Omit the images, then print each record below exactly as it reads.

[Source data]
*** Begin section ***

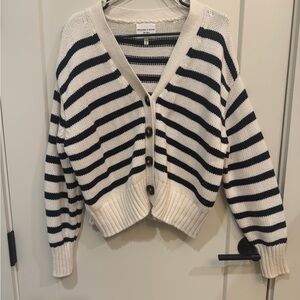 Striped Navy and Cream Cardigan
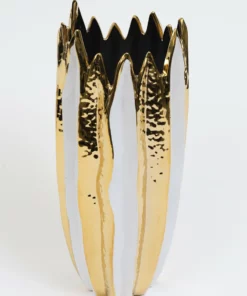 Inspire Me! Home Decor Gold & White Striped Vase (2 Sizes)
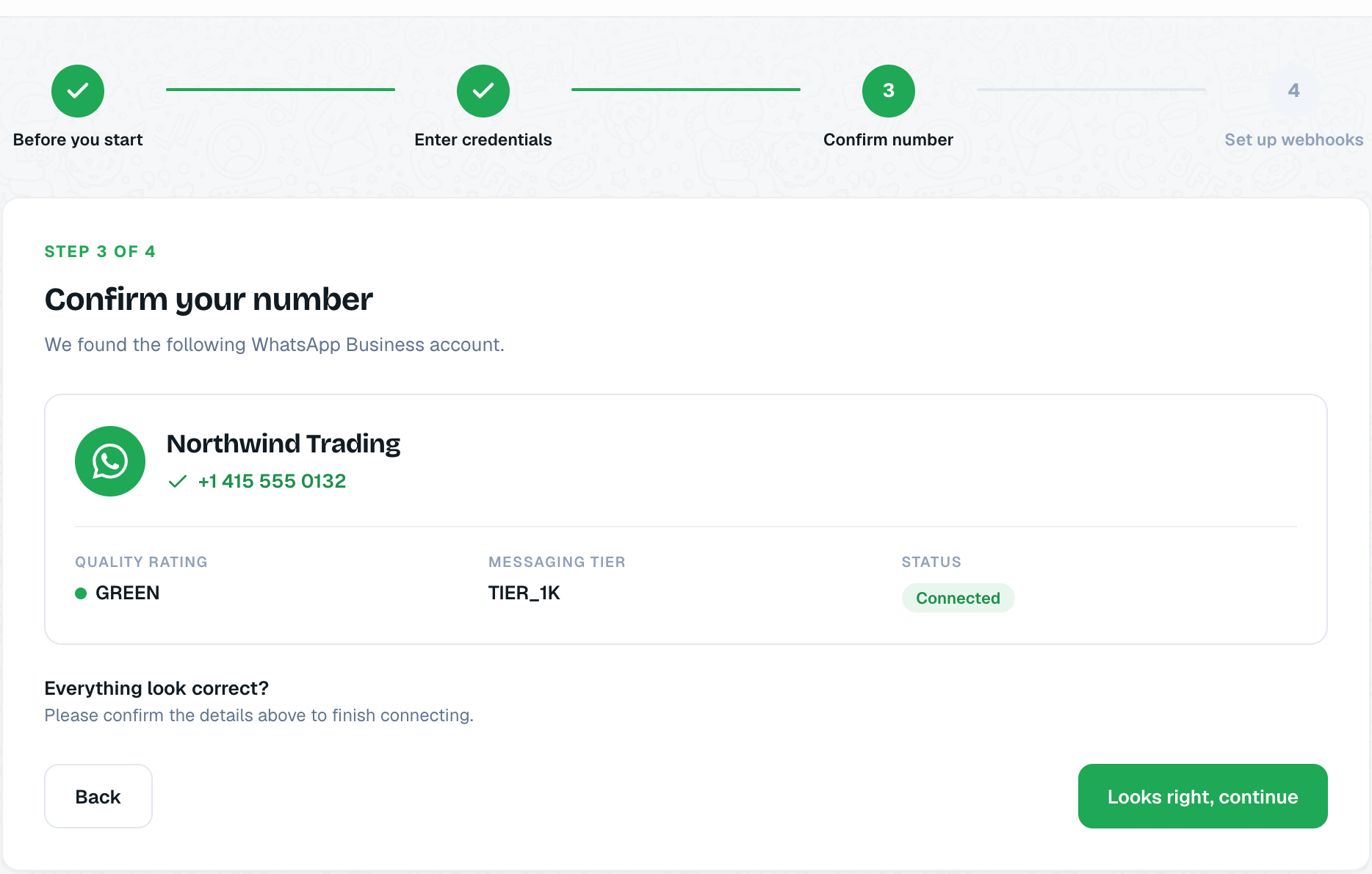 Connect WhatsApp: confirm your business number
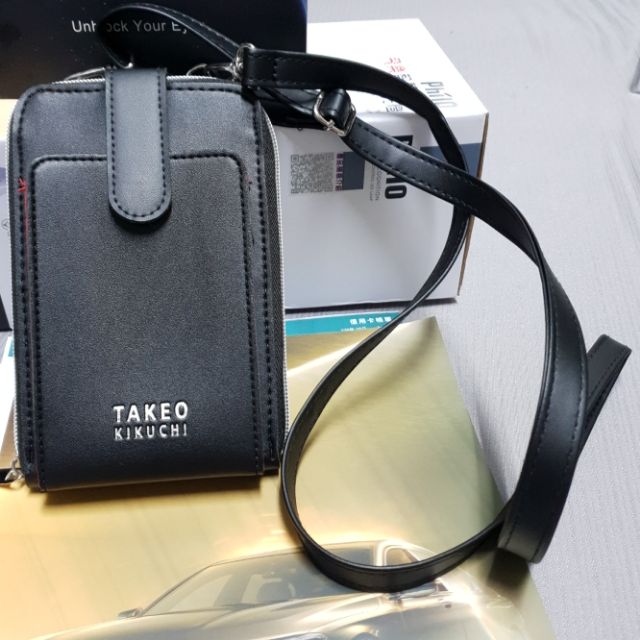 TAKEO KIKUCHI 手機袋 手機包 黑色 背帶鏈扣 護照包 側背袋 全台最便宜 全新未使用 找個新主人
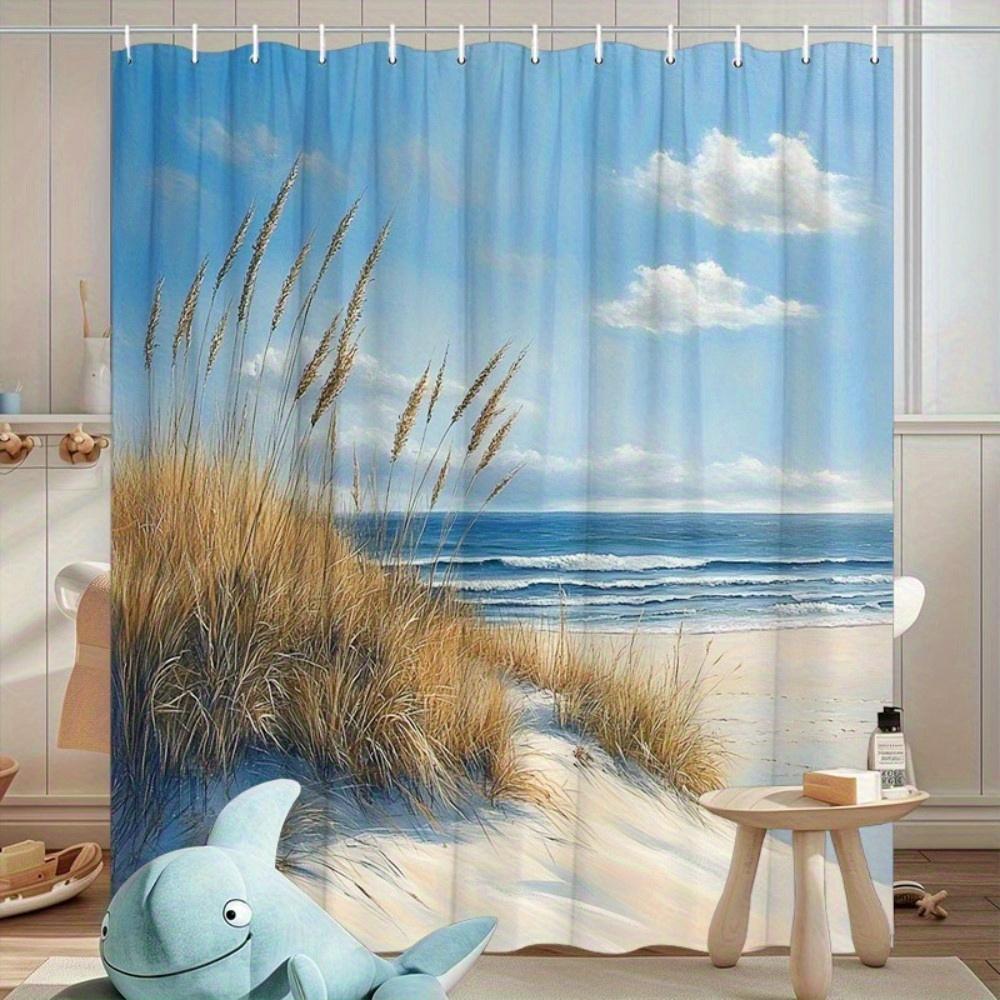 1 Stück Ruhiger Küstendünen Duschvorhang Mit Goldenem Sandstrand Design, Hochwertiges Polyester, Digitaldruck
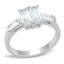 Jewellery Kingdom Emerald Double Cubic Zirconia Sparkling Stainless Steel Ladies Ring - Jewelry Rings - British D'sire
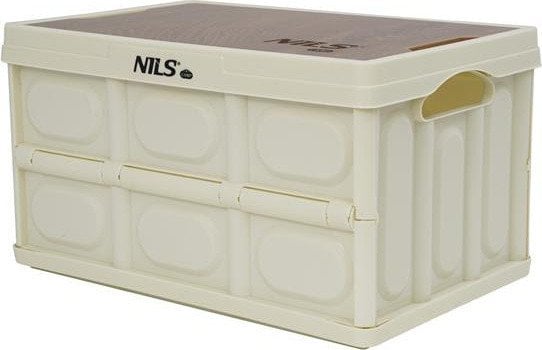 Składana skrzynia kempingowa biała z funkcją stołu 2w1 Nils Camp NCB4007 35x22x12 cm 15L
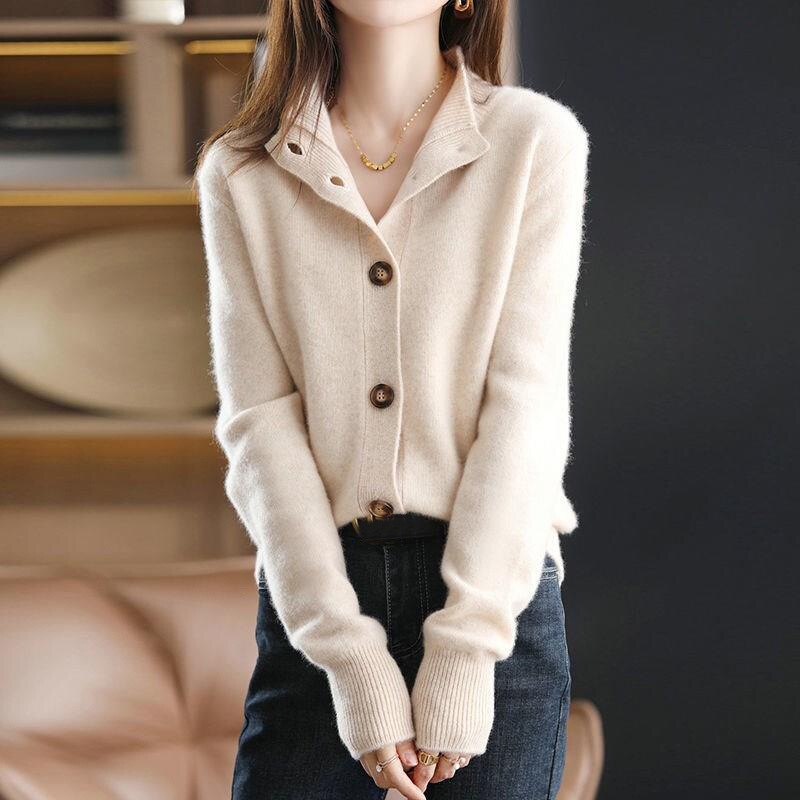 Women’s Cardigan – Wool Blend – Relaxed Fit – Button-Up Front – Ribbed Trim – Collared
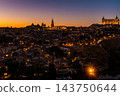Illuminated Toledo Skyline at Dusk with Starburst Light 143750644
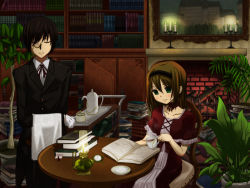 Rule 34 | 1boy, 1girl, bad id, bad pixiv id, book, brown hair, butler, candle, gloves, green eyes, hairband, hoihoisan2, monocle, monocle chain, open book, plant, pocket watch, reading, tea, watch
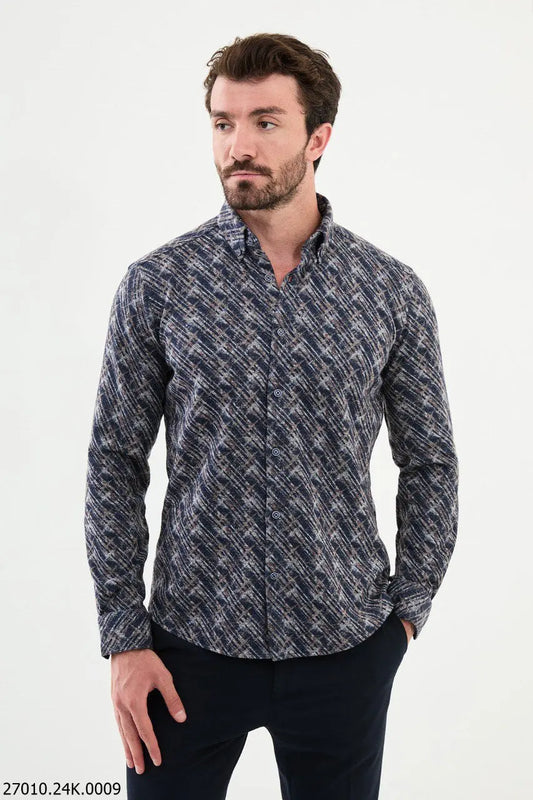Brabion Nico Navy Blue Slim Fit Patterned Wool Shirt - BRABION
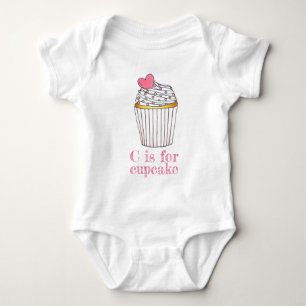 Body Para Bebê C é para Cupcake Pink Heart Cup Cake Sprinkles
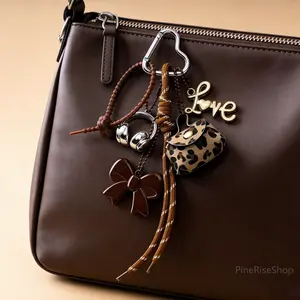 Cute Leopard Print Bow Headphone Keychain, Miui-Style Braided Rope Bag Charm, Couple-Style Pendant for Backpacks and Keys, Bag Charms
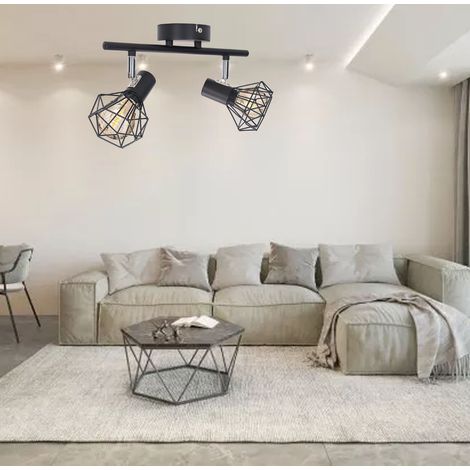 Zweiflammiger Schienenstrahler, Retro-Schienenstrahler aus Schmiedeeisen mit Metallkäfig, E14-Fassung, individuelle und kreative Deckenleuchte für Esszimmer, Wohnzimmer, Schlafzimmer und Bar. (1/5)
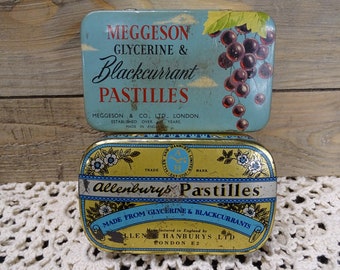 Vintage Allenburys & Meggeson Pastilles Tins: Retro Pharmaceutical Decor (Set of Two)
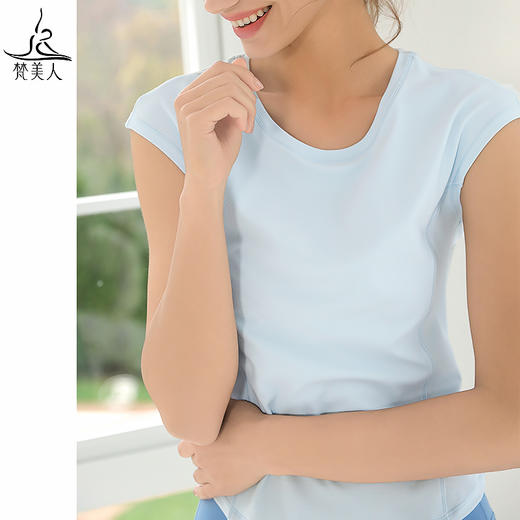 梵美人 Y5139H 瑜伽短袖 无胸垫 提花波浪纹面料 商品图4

*** End section ***

* RESPONSE TO THIS TASK:
 Striped Navy and Cream Cardigan
 Inspire Me! Home Decor Gold & White Striped Vase (2 Sizes)
 Connect WhatsApp: confirm your business number
 TAKEO KIKUCHI 手機袋 手機包 黑色 背帶鏈扣 護照包 側背袋 全台最便宜 全新未使用 找個新主人
 1 Stück Ruhiger Küstendünen Duschvorhang Mit Goldenem Sandstrand Design, Hochwertiges Polyester, Digitaldruck
 Jewellery Kingdom Emerald Double Cubic Zirconia Sparkling Stainless Steel Ladies Ring - Jewelry Rings - British D'sire
 Składana skrzynia kempingowa biała z funkcją stołu 2w1 Nils Camp NCB4007 35x22x12 cm 15L
 Women’s Cardigan – Wool Blend – Relaxed Fit – Button-Up Front – Ribbed Trim – Collared
Illuminated Toledo Skyline at Dusk with Starburst Light 143750644
 Rule 34 | 1boy, 1girl, bad id, bad pixiv id, book, brown hair, butler, candle, gloves, green eyes, hairband, hoihoisan2, monocle, monocle chain, open book, plant, pocket watch, reading, tea, watch
Brabion Nico Navy Blue Slim Fit Patterned Wool Shirt - BRABION
 Body Para Bebê C é para Cupcake Pink Heart Cup Cake Sprinkles
 Cute Leopard Print Bow Headphone Keychain, Miui-Style Braided Rope Bag Charm, Couple-Style Pendant for Backpacks and Keys, Bag Charms
 Zweiflammiger Schienenstrahler, Retro-Schienenstrahler aus Schmiedeeisen mit Metallkäfig, E14-Fassung, individuelle und kreative Deckenleuchte für Esszimmer, Wohnzimmer, Schlafzimmer und Bar. (1/5)
 Vintage Allenburys & Meggeson Pastilles Tins: Retro Pharmaceutical Decor (Set of Two)
 梵美人 Y5139H 瑜伽短袖 无胸垫 提花波浪纹面料 商品图4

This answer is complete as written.